The hyperparameters - Githubissues

StonyBrookNLP / ircot

Repository for Interleaving Retrieval with Chain-of-Thought Reasoning for Knowledge-Intensive Multi-Step Questions, ACL23

https://arxiv.org/abs/2212.10509

Apache License 2.0

173 stars 21 forks source link

The hyperparameters #4

Closed ShulinCao closed 1 year ago

ShulinCao commented 1 year ago

Hi Harsh, I am wondering for the 4 datasets, what's the K (the number of paragraphs to retrieve at each step) and M ( the number of distractor paragraphs) for IRCoT. Could you please provide the details? Thanks!

HarshTrivedi commented 1 year ago

Hi Shulin, thanks for your interest! Here are the HPs:

For IRCoT,

K ∈ {2, 4, 6, 8}
M ∈ {1, 2, 3}

For OneR,

K ∈ {5, 7, 9, 11, 13, 15}
M ∈ {1, 2, 3}

Here K is the number of paragraphs to retrieve at each step, and M is the number of distractor paragraphs.

They are also mentioned on page 5 (right side).

PS: I'll get back to your other email about MuSiQue once I hear back from my collaborators.

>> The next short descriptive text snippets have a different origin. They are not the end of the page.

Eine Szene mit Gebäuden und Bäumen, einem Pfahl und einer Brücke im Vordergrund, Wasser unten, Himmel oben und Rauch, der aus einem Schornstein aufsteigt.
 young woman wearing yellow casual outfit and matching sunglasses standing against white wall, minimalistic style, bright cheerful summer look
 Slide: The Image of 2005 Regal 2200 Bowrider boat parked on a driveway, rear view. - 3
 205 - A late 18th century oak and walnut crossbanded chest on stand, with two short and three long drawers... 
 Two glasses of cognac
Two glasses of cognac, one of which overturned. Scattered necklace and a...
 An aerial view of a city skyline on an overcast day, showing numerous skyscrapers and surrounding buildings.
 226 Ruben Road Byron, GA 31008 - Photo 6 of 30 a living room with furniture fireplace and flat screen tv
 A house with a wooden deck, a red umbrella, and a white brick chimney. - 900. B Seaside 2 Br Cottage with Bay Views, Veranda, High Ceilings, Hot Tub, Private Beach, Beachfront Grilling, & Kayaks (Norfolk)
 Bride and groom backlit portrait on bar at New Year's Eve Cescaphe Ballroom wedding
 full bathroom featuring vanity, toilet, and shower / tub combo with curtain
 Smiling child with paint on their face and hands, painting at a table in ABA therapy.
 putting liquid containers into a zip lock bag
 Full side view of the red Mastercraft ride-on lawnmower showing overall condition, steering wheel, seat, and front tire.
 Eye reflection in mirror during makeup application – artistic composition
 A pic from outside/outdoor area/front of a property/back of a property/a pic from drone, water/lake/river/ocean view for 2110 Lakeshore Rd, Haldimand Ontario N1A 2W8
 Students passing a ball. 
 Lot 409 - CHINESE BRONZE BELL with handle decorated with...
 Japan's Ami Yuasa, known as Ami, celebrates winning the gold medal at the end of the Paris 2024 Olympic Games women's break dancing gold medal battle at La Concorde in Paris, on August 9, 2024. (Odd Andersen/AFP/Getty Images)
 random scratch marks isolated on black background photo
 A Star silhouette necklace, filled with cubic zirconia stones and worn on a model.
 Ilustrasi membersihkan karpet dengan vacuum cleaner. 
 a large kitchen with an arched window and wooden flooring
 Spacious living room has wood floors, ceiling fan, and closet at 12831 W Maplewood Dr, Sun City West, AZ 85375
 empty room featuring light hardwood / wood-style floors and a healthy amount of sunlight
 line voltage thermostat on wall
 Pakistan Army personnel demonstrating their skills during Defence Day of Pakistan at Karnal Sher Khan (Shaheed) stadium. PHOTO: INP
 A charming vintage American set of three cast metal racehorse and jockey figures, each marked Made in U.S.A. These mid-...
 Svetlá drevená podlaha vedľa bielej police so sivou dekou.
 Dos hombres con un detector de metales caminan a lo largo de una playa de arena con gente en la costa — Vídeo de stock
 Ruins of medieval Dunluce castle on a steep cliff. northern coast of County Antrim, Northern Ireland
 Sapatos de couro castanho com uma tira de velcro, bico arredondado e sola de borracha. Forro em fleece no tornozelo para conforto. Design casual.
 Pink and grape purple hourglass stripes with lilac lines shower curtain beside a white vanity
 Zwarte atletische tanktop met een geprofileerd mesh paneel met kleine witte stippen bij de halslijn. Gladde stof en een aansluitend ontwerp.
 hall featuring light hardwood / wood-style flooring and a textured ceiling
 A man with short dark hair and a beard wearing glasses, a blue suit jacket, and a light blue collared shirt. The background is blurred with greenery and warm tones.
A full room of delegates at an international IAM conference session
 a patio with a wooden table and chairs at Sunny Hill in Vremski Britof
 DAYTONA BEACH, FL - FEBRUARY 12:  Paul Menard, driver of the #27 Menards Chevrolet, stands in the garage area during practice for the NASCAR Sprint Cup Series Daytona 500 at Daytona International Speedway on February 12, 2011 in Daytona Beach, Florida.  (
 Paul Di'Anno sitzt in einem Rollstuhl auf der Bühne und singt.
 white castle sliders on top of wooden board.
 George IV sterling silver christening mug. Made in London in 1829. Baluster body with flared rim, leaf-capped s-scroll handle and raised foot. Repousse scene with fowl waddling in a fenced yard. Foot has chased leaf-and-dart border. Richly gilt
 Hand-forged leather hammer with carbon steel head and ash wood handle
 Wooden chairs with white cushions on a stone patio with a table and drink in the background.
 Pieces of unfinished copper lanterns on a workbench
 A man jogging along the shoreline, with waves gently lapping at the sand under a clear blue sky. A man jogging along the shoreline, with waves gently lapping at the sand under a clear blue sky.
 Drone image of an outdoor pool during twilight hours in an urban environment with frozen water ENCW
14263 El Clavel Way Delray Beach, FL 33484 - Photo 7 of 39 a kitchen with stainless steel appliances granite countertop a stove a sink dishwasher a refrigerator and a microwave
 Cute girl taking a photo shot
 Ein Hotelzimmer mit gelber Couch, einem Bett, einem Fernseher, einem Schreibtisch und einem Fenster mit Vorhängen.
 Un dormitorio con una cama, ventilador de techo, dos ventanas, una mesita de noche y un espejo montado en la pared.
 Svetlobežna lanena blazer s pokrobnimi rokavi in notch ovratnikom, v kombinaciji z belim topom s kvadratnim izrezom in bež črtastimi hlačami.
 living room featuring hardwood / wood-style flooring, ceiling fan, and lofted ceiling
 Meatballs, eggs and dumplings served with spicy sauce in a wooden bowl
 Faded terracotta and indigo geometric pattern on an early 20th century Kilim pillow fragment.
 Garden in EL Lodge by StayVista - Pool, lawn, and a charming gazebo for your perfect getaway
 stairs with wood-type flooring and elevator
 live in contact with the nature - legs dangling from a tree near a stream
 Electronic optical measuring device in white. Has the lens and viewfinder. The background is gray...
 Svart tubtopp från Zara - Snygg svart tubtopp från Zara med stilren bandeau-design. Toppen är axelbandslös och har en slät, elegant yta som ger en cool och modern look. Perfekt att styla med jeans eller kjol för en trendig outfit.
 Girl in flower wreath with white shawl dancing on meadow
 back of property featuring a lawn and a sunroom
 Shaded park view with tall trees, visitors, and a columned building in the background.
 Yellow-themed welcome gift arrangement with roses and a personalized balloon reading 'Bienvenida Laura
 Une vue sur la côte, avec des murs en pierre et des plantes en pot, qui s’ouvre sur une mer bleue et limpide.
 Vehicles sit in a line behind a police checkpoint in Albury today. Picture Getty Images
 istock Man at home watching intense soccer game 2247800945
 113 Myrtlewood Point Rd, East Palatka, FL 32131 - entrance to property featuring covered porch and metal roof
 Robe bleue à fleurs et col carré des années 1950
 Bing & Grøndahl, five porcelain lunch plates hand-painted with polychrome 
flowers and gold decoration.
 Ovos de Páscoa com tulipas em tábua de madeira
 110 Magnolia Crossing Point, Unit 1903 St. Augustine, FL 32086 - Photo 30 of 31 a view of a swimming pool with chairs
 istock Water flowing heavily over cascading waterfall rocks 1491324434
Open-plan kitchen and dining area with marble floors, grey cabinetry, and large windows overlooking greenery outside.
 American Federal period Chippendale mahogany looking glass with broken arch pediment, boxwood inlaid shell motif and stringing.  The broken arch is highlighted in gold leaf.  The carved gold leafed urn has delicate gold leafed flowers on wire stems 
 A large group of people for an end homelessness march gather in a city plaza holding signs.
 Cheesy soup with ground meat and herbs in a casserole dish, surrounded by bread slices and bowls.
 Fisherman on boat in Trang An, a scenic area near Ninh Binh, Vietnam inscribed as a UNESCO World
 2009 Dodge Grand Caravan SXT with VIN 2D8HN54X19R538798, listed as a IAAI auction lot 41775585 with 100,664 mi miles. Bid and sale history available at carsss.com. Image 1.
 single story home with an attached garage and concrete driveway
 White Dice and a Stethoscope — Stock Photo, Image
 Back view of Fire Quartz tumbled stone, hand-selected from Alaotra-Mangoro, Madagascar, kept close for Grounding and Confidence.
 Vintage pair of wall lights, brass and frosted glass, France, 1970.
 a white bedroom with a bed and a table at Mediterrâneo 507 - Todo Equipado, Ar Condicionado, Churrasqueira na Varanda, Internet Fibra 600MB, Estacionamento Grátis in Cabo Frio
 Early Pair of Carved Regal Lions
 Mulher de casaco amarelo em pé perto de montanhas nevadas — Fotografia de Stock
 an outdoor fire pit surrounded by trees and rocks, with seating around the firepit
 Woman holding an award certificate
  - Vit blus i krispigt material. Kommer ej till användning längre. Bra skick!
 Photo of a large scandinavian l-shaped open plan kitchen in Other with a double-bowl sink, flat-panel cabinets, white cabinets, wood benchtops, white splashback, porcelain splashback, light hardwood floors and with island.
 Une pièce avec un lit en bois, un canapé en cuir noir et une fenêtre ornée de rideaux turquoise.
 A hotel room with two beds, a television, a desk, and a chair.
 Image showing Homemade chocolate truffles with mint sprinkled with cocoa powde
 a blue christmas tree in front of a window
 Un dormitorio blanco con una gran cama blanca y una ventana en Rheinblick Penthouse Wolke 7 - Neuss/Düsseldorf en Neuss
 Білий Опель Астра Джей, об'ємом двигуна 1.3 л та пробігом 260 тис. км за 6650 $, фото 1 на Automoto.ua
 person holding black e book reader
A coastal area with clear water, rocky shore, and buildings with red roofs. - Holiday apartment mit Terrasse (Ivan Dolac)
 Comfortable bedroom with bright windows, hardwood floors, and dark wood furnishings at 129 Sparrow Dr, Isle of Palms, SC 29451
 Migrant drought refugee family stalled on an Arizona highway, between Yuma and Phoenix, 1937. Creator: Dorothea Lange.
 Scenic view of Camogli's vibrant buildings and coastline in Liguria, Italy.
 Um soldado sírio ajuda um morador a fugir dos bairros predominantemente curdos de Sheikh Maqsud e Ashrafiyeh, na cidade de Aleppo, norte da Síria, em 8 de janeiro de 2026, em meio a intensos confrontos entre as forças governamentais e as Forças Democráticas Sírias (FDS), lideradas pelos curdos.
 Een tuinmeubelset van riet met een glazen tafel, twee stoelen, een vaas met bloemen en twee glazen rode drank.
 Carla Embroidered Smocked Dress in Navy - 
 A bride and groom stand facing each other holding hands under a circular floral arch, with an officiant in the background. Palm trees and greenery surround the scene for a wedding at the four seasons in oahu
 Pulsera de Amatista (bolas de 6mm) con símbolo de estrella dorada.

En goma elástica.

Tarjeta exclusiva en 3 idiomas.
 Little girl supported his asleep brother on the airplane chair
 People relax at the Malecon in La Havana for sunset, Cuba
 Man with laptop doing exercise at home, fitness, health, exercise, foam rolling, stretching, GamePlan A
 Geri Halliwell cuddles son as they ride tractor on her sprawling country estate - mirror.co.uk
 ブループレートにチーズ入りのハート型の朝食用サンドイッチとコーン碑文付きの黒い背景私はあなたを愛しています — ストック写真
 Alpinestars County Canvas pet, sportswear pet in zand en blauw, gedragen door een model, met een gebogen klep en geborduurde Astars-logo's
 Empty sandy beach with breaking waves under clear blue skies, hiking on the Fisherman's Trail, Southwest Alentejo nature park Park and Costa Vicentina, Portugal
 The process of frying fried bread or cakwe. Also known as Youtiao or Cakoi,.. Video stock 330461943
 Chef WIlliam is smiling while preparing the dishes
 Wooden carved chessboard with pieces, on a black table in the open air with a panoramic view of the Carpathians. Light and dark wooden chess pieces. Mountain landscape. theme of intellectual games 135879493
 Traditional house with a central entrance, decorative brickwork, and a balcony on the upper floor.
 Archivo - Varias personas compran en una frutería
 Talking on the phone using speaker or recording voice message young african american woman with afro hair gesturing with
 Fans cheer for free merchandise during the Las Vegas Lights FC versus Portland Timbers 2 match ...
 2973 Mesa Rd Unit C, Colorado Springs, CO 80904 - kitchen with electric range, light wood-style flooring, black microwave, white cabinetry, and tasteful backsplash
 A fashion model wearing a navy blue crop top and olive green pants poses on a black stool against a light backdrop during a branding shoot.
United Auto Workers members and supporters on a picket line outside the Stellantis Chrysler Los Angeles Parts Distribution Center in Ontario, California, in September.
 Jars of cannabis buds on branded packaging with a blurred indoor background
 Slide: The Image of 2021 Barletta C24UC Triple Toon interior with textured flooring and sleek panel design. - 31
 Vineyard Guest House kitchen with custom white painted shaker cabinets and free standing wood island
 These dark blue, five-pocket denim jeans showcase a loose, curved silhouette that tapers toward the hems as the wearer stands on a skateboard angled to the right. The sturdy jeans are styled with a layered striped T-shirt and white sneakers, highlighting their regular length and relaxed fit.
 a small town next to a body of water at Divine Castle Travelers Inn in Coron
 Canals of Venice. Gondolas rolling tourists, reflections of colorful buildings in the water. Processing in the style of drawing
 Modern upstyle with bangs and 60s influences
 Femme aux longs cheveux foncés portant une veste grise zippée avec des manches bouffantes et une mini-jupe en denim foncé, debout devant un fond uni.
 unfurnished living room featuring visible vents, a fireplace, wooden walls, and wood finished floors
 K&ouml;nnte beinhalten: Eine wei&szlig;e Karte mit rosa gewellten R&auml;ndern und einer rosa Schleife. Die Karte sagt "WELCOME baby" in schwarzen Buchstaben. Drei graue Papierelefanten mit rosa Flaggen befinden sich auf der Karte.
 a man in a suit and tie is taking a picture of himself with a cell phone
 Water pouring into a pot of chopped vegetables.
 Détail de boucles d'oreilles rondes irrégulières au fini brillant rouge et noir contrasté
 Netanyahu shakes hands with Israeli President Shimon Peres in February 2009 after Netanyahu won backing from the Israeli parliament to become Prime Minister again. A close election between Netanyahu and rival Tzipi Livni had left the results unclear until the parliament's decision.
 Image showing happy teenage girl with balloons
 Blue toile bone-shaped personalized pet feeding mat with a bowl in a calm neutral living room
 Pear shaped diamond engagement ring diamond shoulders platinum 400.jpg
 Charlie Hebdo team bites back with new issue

ShulinCao commented 1 year ago

Hi Harsh,

Thank you for your quick response!

For MuSiQue, the K (and M) was not set as one exact number for all the experiments, because the "training" examples were randomly chosen from the 20 demonstrations, and it varies for each sampling.

Hope I am right (^_^)

HarshTrivedi commented 1 year ago

No issues!

K (and M) was not set as one exact number ...

Not quite right. Let me clarify the process.

For each dataset, we prepare 20 demonstrations and then make 3 samples, each of size 15 (let's say S1, S2, S3). We then do HP tuning on the dev set using S1 and pick K and M. Using those K and M, we run the inference for each of S1, S2, and S3 on the test set. So, K (and M) are picked once for each dataset (HotpotQA, 2Wiki, MuSiQue, IIRC) and model (OneR, IRCoT) pair, and then used for all test evaluations for that pair.

Note that for each inference, I said we have 15 demonstrations, but we only keep as many demonstrations as we can fit in the max token limit (6K for Flan-T5-* and 8K for Codex). Demonstrations that appear first are kept and the rest are dropped. This varies as the length of the test instance changes with K and M.

Hope this clarifies.

ShulinCao commented 1 year ago

I see, it clarifies!

Kirushikesh commented 4 months ago

@HarshTrivedi i have one question, first of all great work, i was trying to adapt the repo for evaluating my pipeline.

So what is the difference between demonstrations and samples as you mentioned earlier. is it related to this line.
Can you also explain me about the role of distractors please in the ircot_qa setting.

Thanks!